The Algorithmic Number Theory Symposium (ANTS), held every two years since 1994, is an international forum for new research in computational number theory. It is devoted to algorithmic aspects of number theory, including elementary number theory, algebraic number theory, analytic number theory, geometry of numbers, arithmetic algebraic geometry, finite fields, and cryptography.

This is a call for papers for an associated proceedings volume. We strongly encourage anyone with research related to the topics above to submit a paper.

For each accepted submission, at least one author must present the work at the conference. More information concerning funding will be posted on the website in 2026 as it becomes available.

Authors are welcome to post their submissions on preprint servers such as arXiv, HAL, and the cryptology ePrint archive; but papers submitted to ANTS XVII should not be submitted for publication elsewhere.

ANTS aims to foster diversity; we particularly encourage submissions from women and underrepresented minorities who have projects in the general scope of this conference.

Following the format of recent ANTS conferences, the conference proceedings will be published after the conference. As with ANTS XV and ANTS XVI, the proceedings volume for ANTS XVII will be published in a topical collection in Research in Number Theory by Springer. Papers of the highest quality are selected by the program committee, after a rigorous peer-review process. Preliminary versions of the papers are available during the conference, and final versions are submitted after the conference.
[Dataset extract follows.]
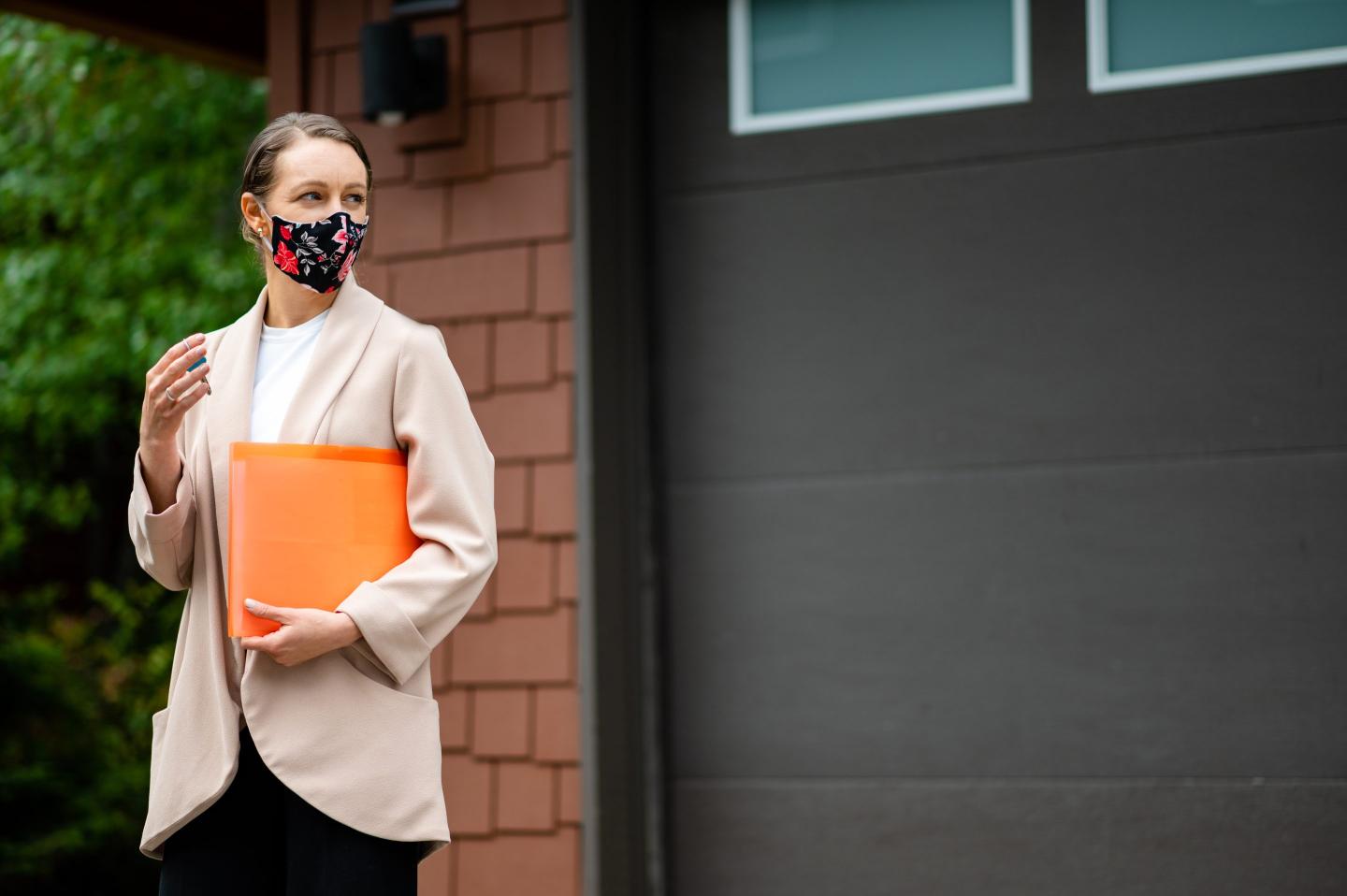 Here’s why women who work in real estate don’t join the Great Resignation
In addition, any associated code or data should be placed in a publicly available repository such as GitHub, GitLab or Zenodo to be available to the reviewers (to help improve the quality, accessibility, re-usability, and reproducibility of the code and data). The MaRDI project will assist with code reviews along these tips and guidelines for writing and reviewing mathematical software.

Papers should be prepared in latex formatted using the amsart document class with default margins, font size (10pt), line spacing and have at most 20 pages, excluding references. A specific document class for Research in Number Theory is not yet available and might be provided later.


Submission

The deadline for paper submissions is January 17, 2026.

Further details about the submission procedure will be provided here.